» The task: Only the lines from the one holding "Dimensions=1920x800" to the end of the data should be echoed, exactly as they appear, minus the pictures.

(Dataset items)
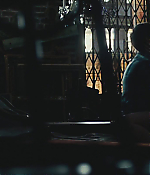 Filename=01179.jpg
Filesize=302KiB
Dimensions=1920x800
Date added=Jul 27, 2020 01179.jpg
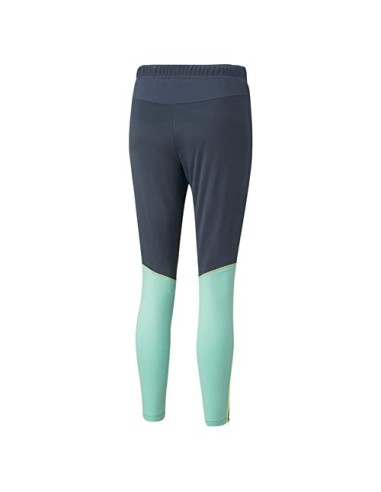 PUMA-individualBLAZE Training Pants-02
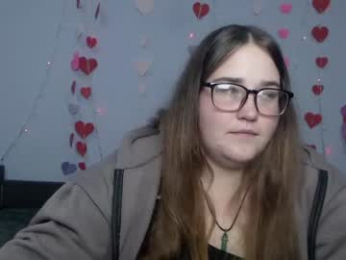 xx_daniella_xx webcam chaturbate model stream image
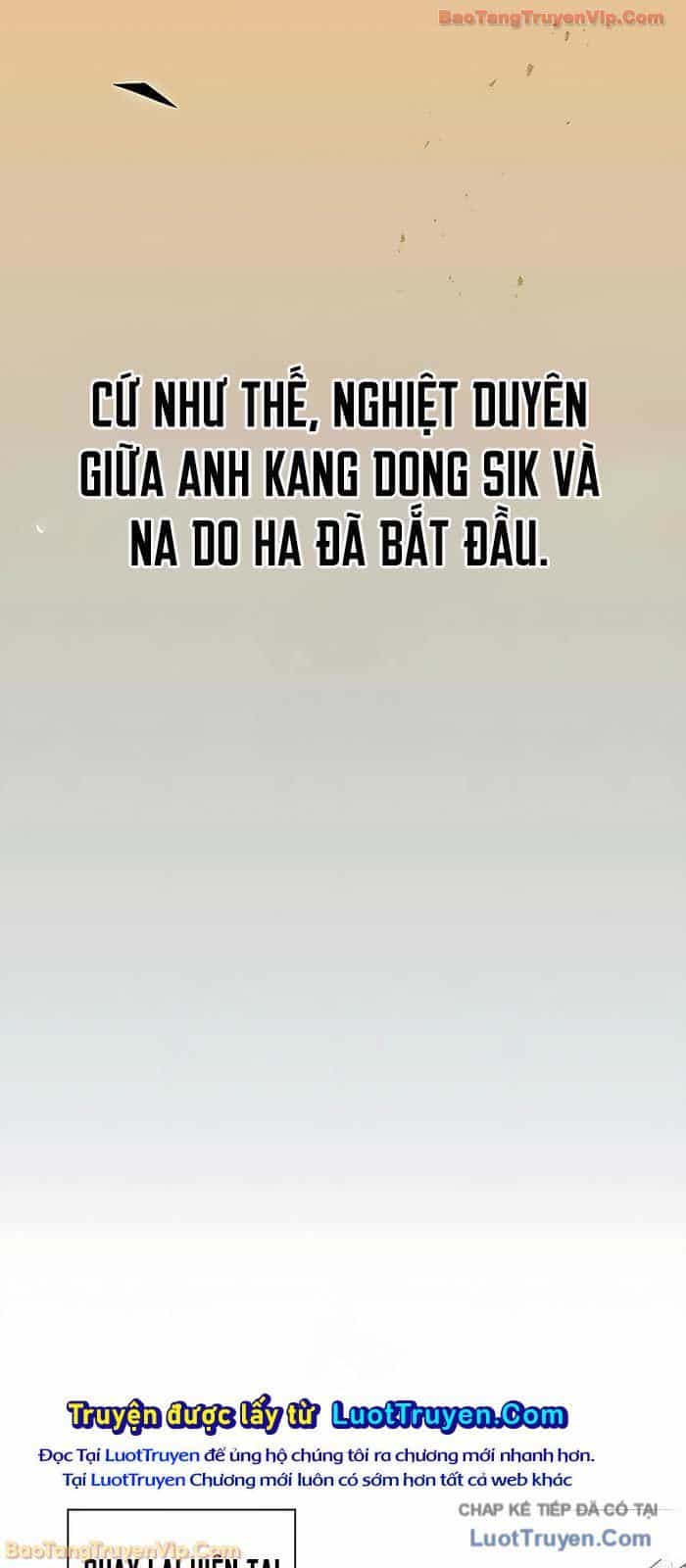 Người Đàn Ông Thực Thụ - Chương 232 - ảnh 82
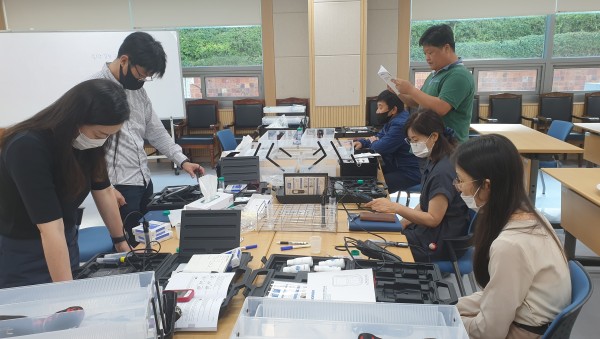 화면 캡처 2020-09-14 212905.jpeg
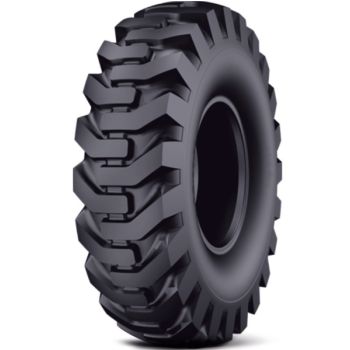 16.00-24 SEHA KNK74 16PR TL 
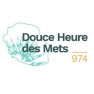 Douce Heure des Mets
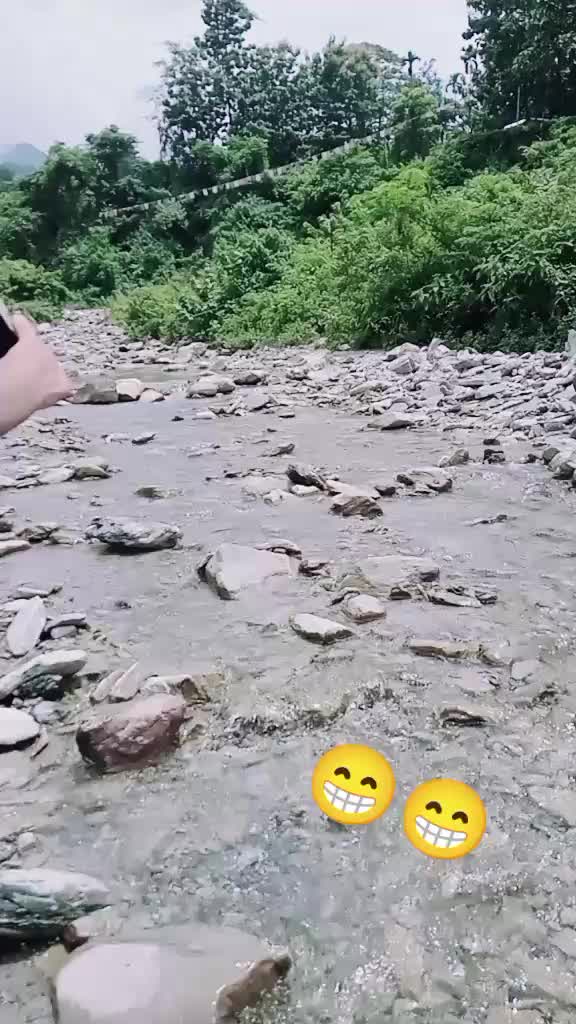 @cuty.. Queen🇧🇹
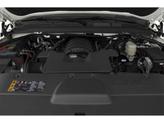 Thumbnail of 2019 Onyx Black GMC Yukon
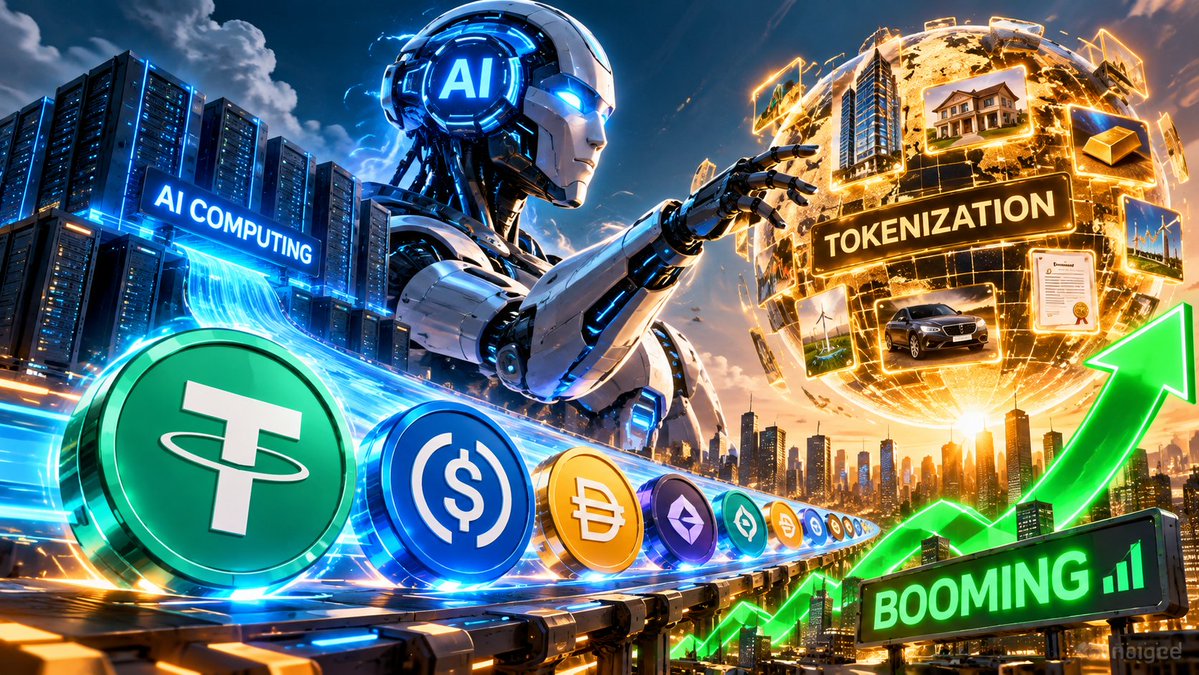 Cryptech_Sam tweet picture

» Result for this exercise:
Dimensions=1920x800
Date added=Jul 27, 2020 01179.jpg
 PUMA-individualBLAZE Training Pants-02
 xx_daniella_xx webcam chaturbate model stream image
 Người Đàn Ông Thực Thụ - Chương 232 - ảnh 82
 화면 캡처 2020-09-14 212905.jpeg
 16.00-24 SEHA KNK74 16PR TL 
 Douce Heure des Mets
 @cuty.. Queen🇧🇹
 Thumbnail of 2019 Onyx Black GMC Yukon
 Cryptech_Sam tweet picture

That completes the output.